Maps of Uncertinaty

The techniques in this section allow us to create maps of where our uncertinaty may be higher or lower. The most straight forward is a map that shows the standard deviation of our output results after a series of MC runs. The approach is to:

1. Create a loop that creates a model and a model prediction with a random component. The random component could be cross-validation, noise injection, sensitivity testing, or some combination of all of these.
2. On each run, save the predicted values into a vector (technically it will be a vector of vectors)
3. After the runs are completed, compute the standard deviation of the predicted.
4. Use the standard deviation of the predicted values to create the map as you would for any other prediction values.

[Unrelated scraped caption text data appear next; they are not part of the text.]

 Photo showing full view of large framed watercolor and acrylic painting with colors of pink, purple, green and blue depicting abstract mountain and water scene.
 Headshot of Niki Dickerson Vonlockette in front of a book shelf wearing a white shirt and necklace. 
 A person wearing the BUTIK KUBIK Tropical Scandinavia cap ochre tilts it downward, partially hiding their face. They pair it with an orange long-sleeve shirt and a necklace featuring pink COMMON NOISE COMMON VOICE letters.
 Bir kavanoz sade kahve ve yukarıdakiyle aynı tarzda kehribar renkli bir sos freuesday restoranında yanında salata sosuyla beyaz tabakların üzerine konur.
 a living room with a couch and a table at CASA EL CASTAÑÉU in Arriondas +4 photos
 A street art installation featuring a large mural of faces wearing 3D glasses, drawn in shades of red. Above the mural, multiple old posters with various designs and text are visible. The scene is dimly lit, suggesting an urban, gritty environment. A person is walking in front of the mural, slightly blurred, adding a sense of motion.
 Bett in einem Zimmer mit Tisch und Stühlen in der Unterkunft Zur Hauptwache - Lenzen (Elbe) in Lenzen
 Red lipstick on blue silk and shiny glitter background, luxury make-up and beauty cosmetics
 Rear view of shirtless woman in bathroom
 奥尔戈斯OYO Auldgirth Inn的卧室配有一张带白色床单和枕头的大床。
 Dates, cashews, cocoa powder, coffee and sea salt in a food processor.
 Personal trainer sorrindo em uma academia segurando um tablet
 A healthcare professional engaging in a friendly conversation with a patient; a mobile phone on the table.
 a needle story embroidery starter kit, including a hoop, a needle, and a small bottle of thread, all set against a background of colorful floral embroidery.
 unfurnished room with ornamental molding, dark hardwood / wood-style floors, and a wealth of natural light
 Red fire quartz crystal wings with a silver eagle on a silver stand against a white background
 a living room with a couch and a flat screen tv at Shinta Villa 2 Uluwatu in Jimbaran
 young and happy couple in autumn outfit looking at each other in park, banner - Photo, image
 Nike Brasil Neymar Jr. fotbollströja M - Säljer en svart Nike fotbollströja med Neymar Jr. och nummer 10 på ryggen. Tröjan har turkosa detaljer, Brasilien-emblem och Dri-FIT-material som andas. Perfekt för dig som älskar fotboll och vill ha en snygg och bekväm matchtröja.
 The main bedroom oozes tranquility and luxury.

Note: are we modeling the variation in the outputs or in the residuals?

Basic Method

The solution below will work for creating uncertianty maps in most situations until we use cross-validation and are using the original data for the prediction. The next section shows an approach for cross validation.

This approach uses a matrix to capture all the predicted values. Each time a model run is completed, the predicted values are added as a column to the matrix. After all runs are finished, the standard deviation of each row can be computed to create a vector that can be added back into a dataframe and then used to create an uncertianty map. This provides a map of the standard deviation of the predictors.

The first step is to include the 'matrixStats' library which includes a number of functions for matrixes including one to compute the standard deviation of the rows in a matrix.

# matrixStats includes a function to compute the std dev of a row
require(matrixStats) 

Next, create an empty matrix that has the same number of rows as the dataframe

# create an empty matrix 
PredictionMatrix=matrix(, nrow = NumRowsInDataFrame, ncol = 0) 

Then, inside your loop, compute the residuals vector for all rows in your dataframe and add it to your residuals matrix.

# add the predicted values for this run as a column to the matrix 
PredictionMatrix=cbind(PredictionMatrix,PredictedValues) 

Finally, after the loop, compute the standard deviations for the rows in the matrix. This will result in a vector that can be added to the dataframe and then used to create a map. Note that matrixStats also includes functions for computing means and other matrix values that can be used to evalute models.

# get the standard deviation for each row in the predicted values matrix 
PredictionStdDevs=rowSds(PredictionMatrix) 

# get the mean for each row in the predicted values matrix
PredictionMeans=rowMeans(PredictionMatrix) 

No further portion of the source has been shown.